# Minnie Mouse Hat



## ChewyTart

I did it two ways, I ended up liking the polka dots best.. I learned the ears and bow for this project.


----------



## Wednesday

Oh, that is so cute! Good job!


----------



## bonster

Both are cute but I will say I agree that the polka dots are cuter.


----------



## diane403

ChewyTart said:


> I did it two ways, I ended up liking the polka dots best.. I learned the ears and bow for this project.


Very cute


----------



## Justme

Love the one with the dots the best. Do you have a pattern source for this or did you just make it up?

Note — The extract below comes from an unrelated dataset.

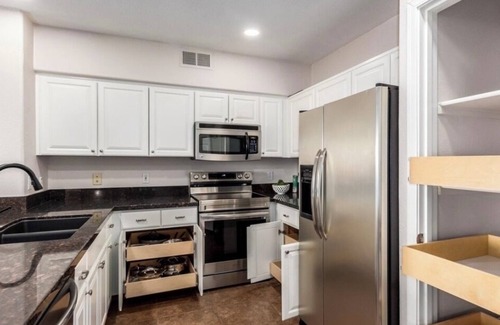 North Scottsdale Condo | Luxurious 2 bedroom condo in the heart of North Scottsdale with garage parking+1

Would love the pattern for my granddaughter.


----------



## ChewyTart

I just did a standard knit and purl hat with brim..brim in pink and the rest in black I used red heart shimmer yarn and I held 2 together for the pink and 3 together for the black
I used this link for the bow, But I altered the pattern for size.. For this hat I did 15 pegs for 12 rows, which is perfect for an infant hat but if I were to do a toddler hat again I would do 18 pegs and 15 rows..
http://thismomentisgood.blogspot.com/2013/11/loom-knit-bows.html

For the ears I used this tut, but I did 12 pegs and 8 rows (for an infant I would do 6 rows)
http://connected2christ.com/2011/06/loom-knit-bear-mouse-or-monkey-ear-tutorial/



Justme said:


> Love the one with the dots the best. Do you have a pattern source for this or did you just make it up? Would love the pattern for my granddaughter.


----------



## Buttons

This is sooooo adorable. Thank yo for the link to both.


----------



## cabbagehome

Very cute.


----------



## crafterwantabe

Very nice... they are so cute...


----------



## scat9019

Perfctly done!!!<3it,
Yo ma try also do the brim using an elastic headband in red.
Just pass the yarn through the holes in the border making loops.Put the loops in the loom and continue knitting in the round.This way is perfect for infants and toddlers.


----------